L’ATP se concentre alors sur le NPF et signale que le rapport d’évaluation des actuaires au 30 juin 2016 n’avait toujours pas été déposé à ce jour et que le board du NPF, pourtant en charge d’un portefeuille d’actifs de plus de Rs 130 milliards, n’était pas en selle, ce qui mène à la conclusion que «Government has failed its fiduciary duties towards the NPF to the extent that it should have, in order to address any deficits that have been built up in the NPF» (A9 (a)(vi)). Il est fortement souligné que les membres bénéficiaires du NPF ont le droit légitime d’exiger du gouvernement d’agir selon les recommandations d’actuaires et après des consultations raisonnables et que ceux-ci auraient, en toute logique, recommandé des ajustements au NPF plutôt que sa dissolution.

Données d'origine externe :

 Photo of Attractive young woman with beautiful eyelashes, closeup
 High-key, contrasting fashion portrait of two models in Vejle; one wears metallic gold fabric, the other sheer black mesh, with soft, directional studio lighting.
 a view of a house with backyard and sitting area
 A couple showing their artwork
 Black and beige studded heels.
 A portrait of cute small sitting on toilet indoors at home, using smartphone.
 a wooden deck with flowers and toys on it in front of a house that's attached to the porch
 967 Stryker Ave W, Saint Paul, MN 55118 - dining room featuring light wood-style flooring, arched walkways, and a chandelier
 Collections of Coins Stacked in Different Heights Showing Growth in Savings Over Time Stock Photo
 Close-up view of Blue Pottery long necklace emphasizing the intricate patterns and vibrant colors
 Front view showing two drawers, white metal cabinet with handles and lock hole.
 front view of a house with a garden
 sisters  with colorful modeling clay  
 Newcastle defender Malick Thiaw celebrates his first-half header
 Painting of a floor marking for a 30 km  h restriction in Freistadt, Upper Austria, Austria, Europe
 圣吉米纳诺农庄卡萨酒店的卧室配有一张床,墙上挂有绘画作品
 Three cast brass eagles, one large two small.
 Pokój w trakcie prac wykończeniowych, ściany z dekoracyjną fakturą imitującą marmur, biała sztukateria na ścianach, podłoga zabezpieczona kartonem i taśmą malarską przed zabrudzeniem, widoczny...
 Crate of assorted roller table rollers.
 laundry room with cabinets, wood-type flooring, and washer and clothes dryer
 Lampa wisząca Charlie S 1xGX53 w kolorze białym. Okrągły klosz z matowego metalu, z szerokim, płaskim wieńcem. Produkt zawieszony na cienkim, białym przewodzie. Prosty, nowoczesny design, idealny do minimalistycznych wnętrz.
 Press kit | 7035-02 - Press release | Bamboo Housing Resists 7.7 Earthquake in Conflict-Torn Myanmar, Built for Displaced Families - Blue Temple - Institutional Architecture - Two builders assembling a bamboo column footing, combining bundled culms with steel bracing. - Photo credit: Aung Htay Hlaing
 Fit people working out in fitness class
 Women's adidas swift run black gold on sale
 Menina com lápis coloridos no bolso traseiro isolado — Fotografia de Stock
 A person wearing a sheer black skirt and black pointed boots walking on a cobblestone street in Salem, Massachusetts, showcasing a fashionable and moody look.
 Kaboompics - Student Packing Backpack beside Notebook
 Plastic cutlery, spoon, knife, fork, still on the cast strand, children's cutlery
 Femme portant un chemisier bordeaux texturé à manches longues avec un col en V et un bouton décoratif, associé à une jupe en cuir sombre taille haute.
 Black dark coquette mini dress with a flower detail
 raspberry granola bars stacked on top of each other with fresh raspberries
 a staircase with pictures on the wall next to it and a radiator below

À la page 17, section(viii) , l’ATP confronte «the elephant in the room» en soulignant que «abolishing the NPF does not form part of a pension reform but rather a fiscal one in order to finance a pre-electoral promise by Government which at the time when it was made was not properly costed for, if at all».
Le fait est que les Rs 130 milliards du NPF ne pouvaient soutenir que 70 % des bénéfices engagés au 30 juin 2016 et qu’il y avait déjà donc Rs 50 milliards de «déficit» potentiel. Les contributions au NPF ayant été discontinuées, il est suggéré qu’un déficit de Rs 40 milliards de plus est possible. Ajoutée aux déficits qu’engendrera la CSG, il n’y a, de toute manière, qu’une seule source possible pour couvrir ces générosités insoutenables : le contribuable du futur !
L’ATP de rappeler, pour toutes ces raisons, que la CSG fait fi des principes d’équité et de proportionna- lité et qu’elle enfreint l’article 8 de notre droit constitutionnel. Sans compter les conséquences du retrait du NPF du marché des capitaux où il n’achètera plus et devra tout vendre.
L’ATP ayant finalement critiqué l’absolu manque de dialogue et de consultations en amont de décisions d’une telle envergure, ce qui impacte gravement les intérêts des intervenants et du contribuable, rappelle que plusieurs gouvernements ont fait appel à un Regulatory Impact Assessment avant d’introduire de nouvelles législations de cette envergure et de cette complexité. Cette idée se retrouve au paragraphe 79 du discours du Budget de cette année-ci. Par contre, au paragraphe 300, faisant fi des avis d’experts en la matière, le ministre insiste pour maintenir le BRP à 60 ans, malgré les implications de coût qui ne sont d’ailleurs pas détaillés. On prête au gouvernement l’intention de chercher un compromis dans les semaines qui suivent, plutôt que de risquer de perdre en Cour suprême ou de finir au Privy Council.